Provided records ▸
══════
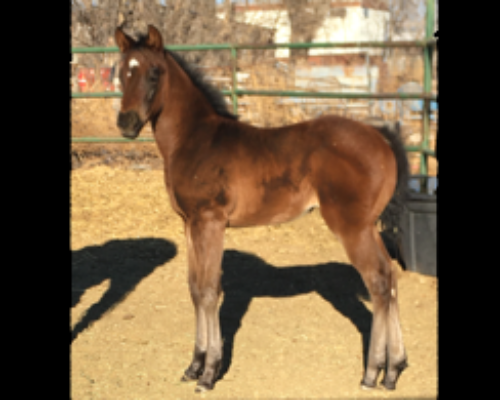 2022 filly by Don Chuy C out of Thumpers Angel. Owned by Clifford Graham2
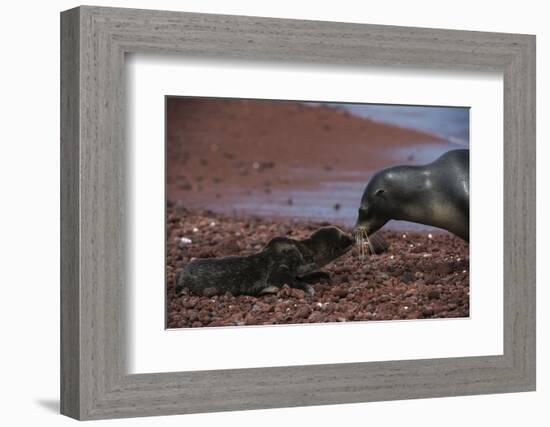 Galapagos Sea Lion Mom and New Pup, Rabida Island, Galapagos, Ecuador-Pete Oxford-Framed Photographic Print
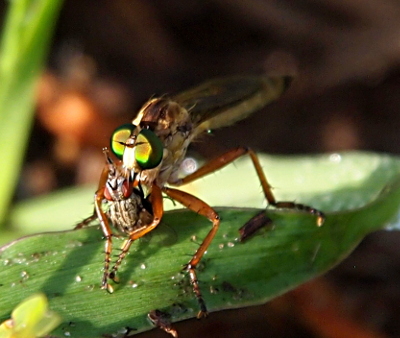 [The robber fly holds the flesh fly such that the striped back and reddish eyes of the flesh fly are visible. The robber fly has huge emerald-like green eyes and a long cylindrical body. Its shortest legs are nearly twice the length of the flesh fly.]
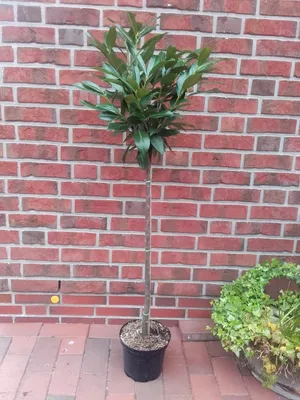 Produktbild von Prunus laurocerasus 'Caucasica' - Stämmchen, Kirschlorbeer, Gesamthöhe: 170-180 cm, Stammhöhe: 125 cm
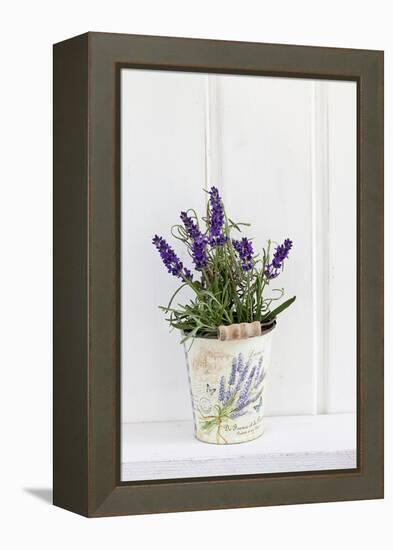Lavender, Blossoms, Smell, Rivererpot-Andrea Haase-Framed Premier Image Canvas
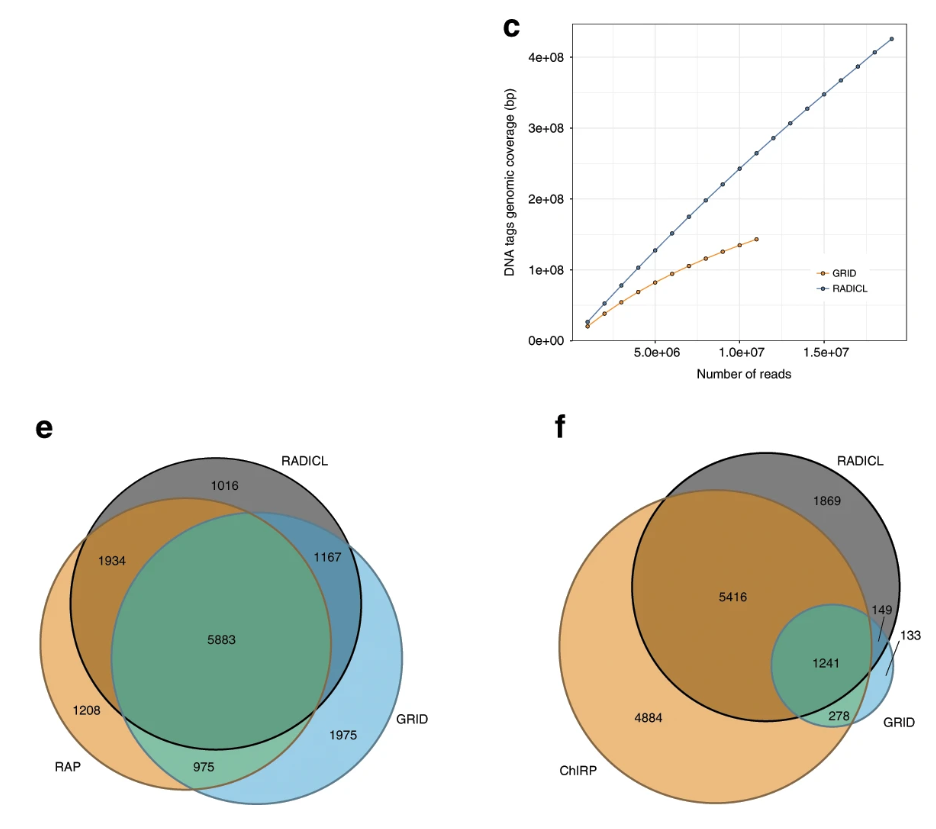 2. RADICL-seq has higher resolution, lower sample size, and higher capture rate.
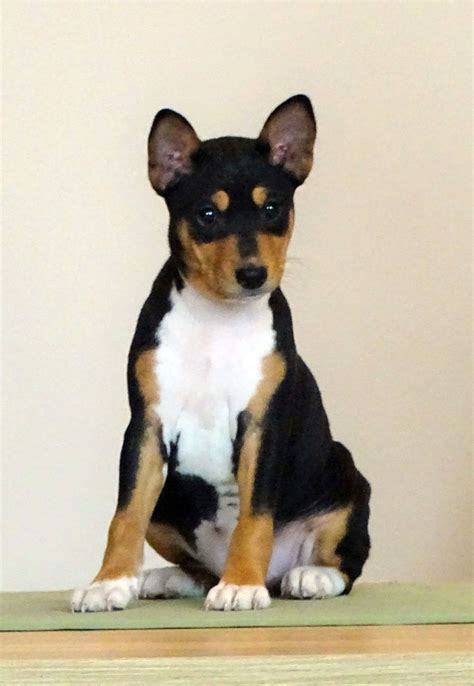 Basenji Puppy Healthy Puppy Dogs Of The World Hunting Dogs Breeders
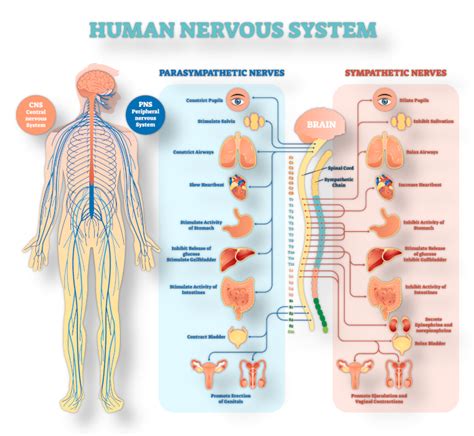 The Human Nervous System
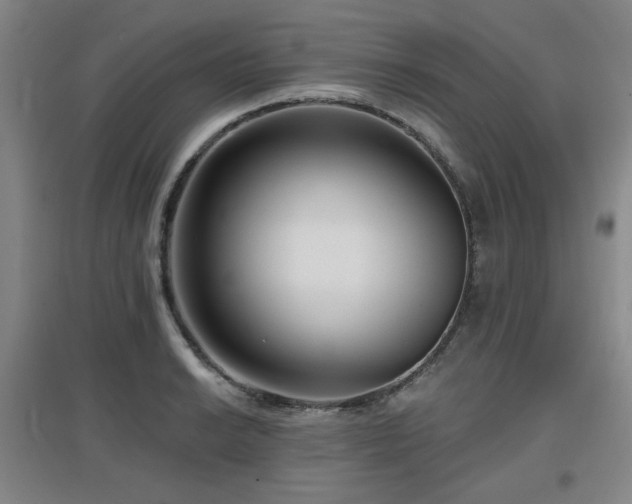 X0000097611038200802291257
══════
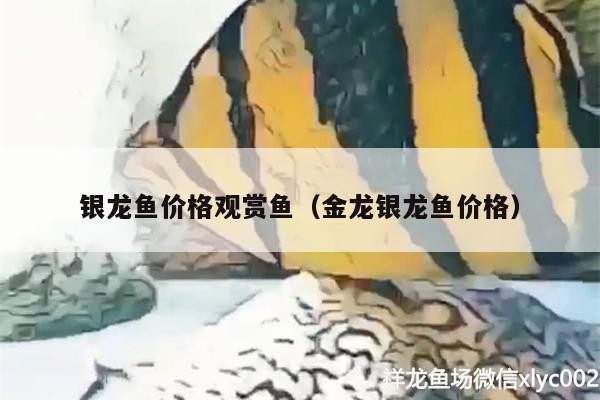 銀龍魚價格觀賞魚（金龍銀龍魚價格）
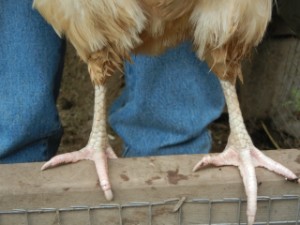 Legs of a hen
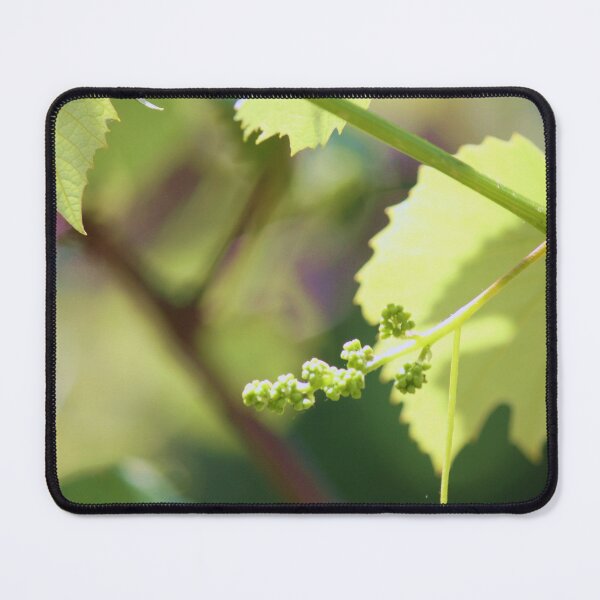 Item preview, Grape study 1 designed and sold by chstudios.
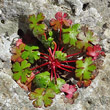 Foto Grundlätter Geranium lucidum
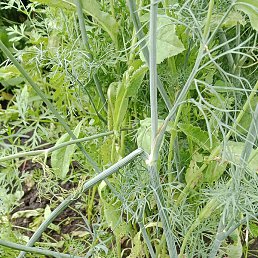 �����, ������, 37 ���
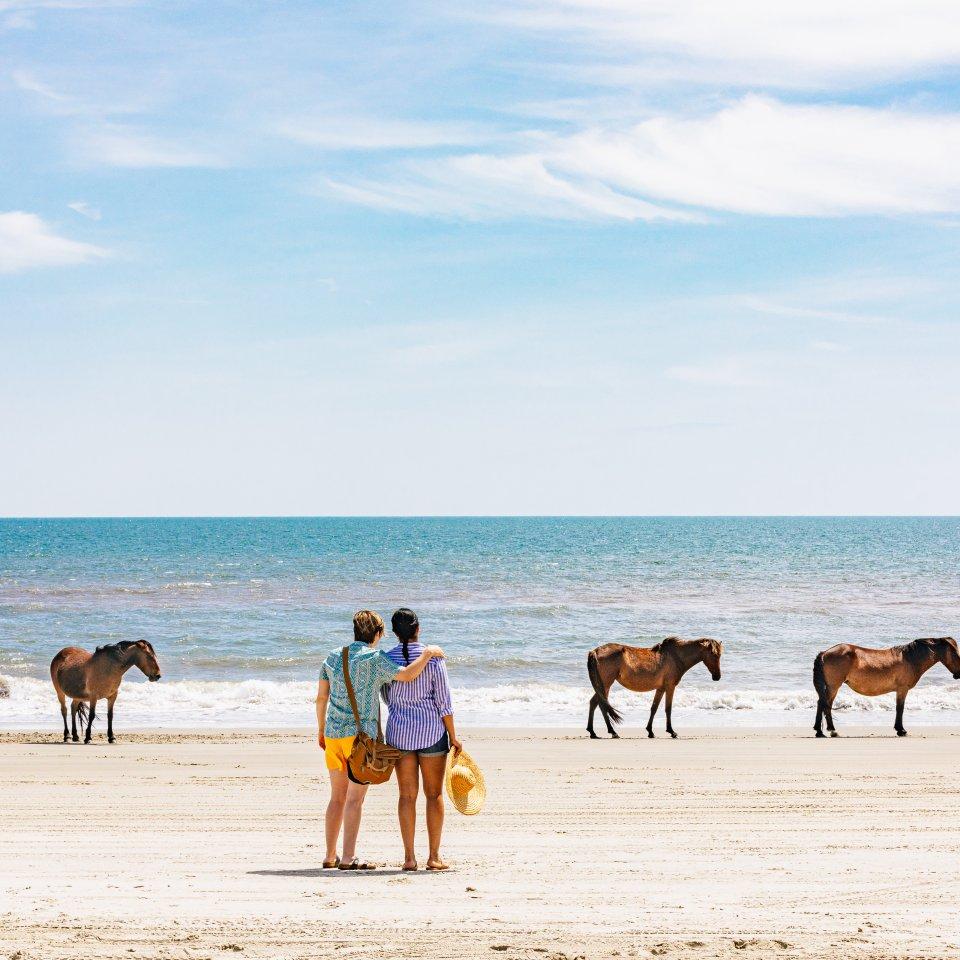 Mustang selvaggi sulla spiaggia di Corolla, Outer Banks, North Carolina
══════
Only the lines starting at the one that includes "2022 filly by" and ending at the one that includes "X0000097611038200802291257" should be retyped, exactly, from the records above; no pictures.

 2022 filly by Don Chuy C out of Thumpers Angel. Owned by Clifford Graham2
 Galapagos Sea Lion Mom and New Pup, Rabida Island, Galapagos, Ecuador-Pete Oxford-Framed Photographic Print
 [The robber fly holds the flesh fly such that the striped back and reddish eyes of the flesh fly are visible. The robber fly has huge emerald-like green eyes and a long cylindrical body. Its shortest legs are nearly twice the length of the flesh fly.]
 Produktbild von Prunus laurocerasus 'Caucasica' - Stämmchen, Kirschlorbeer, Gesamthöhe: 170-180 cm, Stammhöhe: 125 cm
Lavender, Blossoms, Smell, Rivererpot-Andrea Haase-Framed Premier Image Canvas
 2. RADICL-seq has higher resolution, lower sample size, and higher capture rate.
 Basenji Puppy Healthy Puppy Dogs Of The World Hunting Dogs Breeders
 The Human Nervous System
 X0000097611038200802291257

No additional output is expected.